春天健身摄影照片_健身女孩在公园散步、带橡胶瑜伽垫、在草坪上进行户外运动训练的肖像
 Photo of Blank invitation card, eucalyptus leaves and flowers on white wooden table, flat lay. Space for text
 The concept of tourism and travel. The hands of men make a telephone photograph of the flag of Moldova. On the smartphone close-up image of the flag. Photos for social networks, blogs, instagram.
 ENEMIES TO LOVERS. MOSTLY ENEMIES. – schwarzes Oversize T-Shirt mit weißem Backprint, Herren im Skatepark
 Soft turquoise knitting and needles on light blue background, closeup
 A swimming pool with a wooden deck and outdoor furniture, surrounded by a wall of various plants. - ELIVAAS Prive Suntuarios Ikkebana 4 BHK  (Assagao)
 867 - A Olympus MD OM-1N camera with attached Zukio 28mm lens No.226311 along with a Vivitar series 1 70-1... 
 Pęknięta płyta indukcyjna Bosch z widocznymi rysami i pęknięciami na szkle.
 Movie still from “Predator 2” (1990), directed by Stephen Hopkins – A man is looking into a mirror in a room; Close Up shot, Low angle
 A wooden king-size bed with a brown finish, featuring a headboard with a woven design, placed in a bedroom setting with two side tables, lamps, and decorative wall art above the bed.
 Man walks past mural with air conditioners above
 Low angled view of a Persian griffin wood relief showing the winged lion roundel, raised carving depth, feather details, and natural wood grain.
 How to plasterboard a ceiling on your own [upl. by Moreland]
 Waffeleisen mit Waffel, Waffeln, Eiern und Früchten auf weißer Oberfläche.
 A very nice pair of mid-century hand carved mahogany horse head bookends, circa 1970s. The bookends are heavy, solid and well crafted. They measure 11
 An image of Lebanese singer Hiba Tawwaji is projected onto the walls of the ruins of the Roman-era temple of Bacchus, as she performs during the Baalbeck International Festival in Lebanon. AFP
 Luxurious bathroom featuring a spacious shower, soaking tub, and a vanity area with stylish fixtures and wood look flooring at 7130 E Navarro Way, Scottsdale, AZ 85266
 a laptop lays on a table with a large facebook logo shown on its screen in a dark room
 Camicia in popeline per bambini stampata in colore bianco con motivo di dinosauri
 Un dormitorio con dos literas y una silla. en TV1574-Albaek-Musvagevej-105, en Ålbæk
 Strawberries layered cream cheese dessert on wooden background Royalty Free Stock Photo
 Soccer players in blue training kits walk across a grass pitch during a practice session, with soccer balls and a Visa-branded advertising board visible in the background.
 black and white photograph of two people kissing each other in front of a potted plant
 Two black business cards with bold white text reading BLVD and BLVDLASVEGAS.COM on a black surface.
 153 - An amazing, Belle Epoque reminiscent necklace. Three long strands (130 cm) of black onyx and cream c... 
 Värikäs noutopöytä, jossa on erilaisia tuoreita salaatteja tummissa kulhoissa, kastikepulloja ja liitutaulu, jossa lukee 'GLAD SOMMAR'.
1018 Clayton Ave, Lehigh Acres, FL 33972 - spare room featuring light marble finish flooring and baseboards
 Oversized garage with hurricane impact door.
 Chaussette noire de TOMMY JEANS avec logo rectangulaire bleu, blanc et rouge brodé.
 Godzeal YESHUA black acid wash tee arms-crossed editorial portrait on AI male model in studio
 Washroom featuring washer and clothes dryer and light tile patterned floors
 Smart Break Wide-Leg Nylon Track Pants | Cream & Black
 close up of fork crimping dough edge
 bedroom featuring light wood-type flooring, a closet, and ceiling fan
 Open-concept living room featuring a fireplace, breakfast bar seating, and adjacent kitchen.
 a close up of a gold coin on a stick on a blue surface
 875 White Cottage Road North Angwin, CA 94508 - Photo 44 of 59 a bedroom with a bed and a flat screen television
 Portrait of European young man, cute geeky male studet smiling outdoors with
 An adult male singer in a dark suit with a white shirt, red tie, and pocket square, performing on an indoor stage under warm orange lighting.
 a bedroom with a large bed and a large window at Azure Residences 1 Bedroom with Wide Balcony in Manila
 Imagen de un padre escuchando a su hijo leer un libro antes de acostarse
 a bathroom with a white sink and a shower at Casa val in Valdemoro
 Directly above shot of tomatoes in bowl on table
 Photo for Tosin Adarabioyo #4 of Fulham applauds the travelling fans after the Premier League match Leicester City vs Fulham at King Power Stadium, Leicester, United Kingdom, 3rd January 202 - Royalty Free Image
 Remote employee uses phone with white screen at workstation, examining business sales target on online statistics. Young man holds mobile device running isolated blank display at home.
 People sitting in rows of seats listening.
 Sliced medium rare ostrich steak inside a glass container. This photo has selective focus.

:::

WORK TO BE COMPLETED.
A complete, exact copy of the entries above is what is wanted.

TASK RESPONSE.
春天健身摄影照片_健身女孩在公园散步、带橡胶瑜伽垫、在草坪上进行户外运动训练的肖像
 Photo of Blank invitation card, eucalyptus leaves and flowers on white wooden table, flat lay. Space for text
 The concept of tourism and travel. The hands of men make a telephone photograph of the flag of Moldova. On the smartphone close-up image of the flag. Photos for social networks, blogs, instagram.
 ENEMIES TO LOVERS. MOSTLY ENEMIES. – schwarzes Oversize T-Shirt mit weißem Backprint, Herren im Skatepark
 Soft turquoise knitting and needles on light blue background, closeup
 A swimming pool with a wooden deck and outdoor furniture, surrounded by a wall of various plants. - ELIVAAS Prive Suntuarios Ikkebana 4 BHK  (Assagao)
 867 - A Olympus MD OM-1N camera with attached Zukio 28mm lens No.226311 along with a Vivitar series 1 70-1... 
 Pęknięta płyta indukcyjna Bosch z widocznymi rysami i pęknięciami na szkle.
 Movie still from “Predator 2” (1990), directed by Stephen Hopkins – A man is looking into a mirror in a room; Close Up shot, Low angle
 A wooden king-size bed with a brown finish, featuring a headboard with a woven design, placed in a bedroom setting with two side tables, lamps, and decorative wall art above the bed.
 Man walks past mural with air conditioners above
 Low angled view of a Persian griffin wood relief showing the winged lion roundel, raised carving depth, feather details, and natural wood grain.
 How to plasterboard a ceiling on your own [upl. by Moreland]
 Waffeleisen mit Waffel, Waffeln, Eiern und Früchten auf weißer Oberfläche.
 A very nice pair of mid-century hand carved mahogany horse head bookends, circa 1970s. The bookends are heavy, solid and well crafted. They measure 11
 An image of Lebanese singer Hiba Tawwaji is projected onto the walls of the ruins of the Roman-era temple of Bacchus, as she performs during the Baalbeck International Festival in Lebanon. AFP
 Luxurious bathroom featuring a spacious shower, soaking tub, and a vanity area with stylish fixtures and wood look flooring at 7130 E Navarro Way, Scottsdale, AZ 85266
 a laptop lays on a table with a large facebook logo shown on its screen in a dark room
 Camicia in popeline per bambini stampata in colore bianco con motivo di dinosauri
 Un dormitorio con dos literas y una silla. en TV1574-Albaek-Musvagevej-105, en Ålbæk
 Strawberries layered cream cheese dessert on wooden background Royalty Free Stock Photo
 Soccer players in blue training kits walk across a grass pitch during a practice session, with soccer balls and a Visa-branded advertising board visible in the background.
 black and white photograph of two people kissing each other in front of a potted plant
 Two black business cards with bold white text reading BLVD and BLVDLASVEGAS.COM on a black surface.
 153 - An amazing, Belle Epoque reminiscent necklace. Three long strands (130 cm) of black onyx and cream c... 
 Värikäs noutopöytä, jossa on erilaisia tuoreita salaatteja tummissa kulhoissa, kastikepulloja ja liitutaulu, jossa lukee 'GLAD SOMMAR'.
1018 Clayton Ave, Lehigh Acres, FL 33972 - spare room featuring light marble finish flooring and baseboards
 Oversized garage with hurricane impact door.
 Chaussette noire de TOMMY JEANS avec logo rectangulaire bleu, blanc et rouge brodé.
 Godzeal YESHUA black acid wash tee arms-crossed editorial portrait on AI male model in studio
 Washroom featuring washer and clothes dryer and light tile patterned floors
 Smart Break Wide-Leg Nylon Track Pants | Cream & Black
 close up of fork crimping dough edge
 bedroom featuring light wood-type flooring, a closet, and ceiling fan
 Open-concept living room featuring a fireplace, breakfast bar seating, and adjacent kitchen.
 a close up of a gold coin on a stick on a blue surface
 875 White Cottage Road North Angwin, CA 94508 - Photo 44 of 59 a bedroom with a bed and a flat screen television
 Portrait of European young man, cute geeky male studet smiling outdoors with
 An adult male singer in a dark suit with a white shirt, red tie, and pocket square, performing on an indoor stage under warm orange lighting.
 a bedroom with a large bed and a large window at Azure Residences 1 Bedroom with Wide Balcony in Manila
 Imagen de un padre escuchando a su hijo leer un libro antes de acostarse
 a bathroom with a white sink and a shower at Casa val in Valdemoro
 Directly above shot of tomatoes in bowl on table
 Photo for Tosin Adarabioyo #4 of Fulham applauds the travelling fans after the Premier League match Leicester City vs Fulham at King Power Stadium, Leicester, United Kingdom, 3rd January 202 - Royalty Free Image
 Remote employee uses phone with white screen at workstation, examining business sales target on online statistics. Young man holds mobile device running isolated blank display at home.
 People sitting in rows of seats listening.
 Sliced medium rare ostrich steak inside a glass container. This photo has selective focus.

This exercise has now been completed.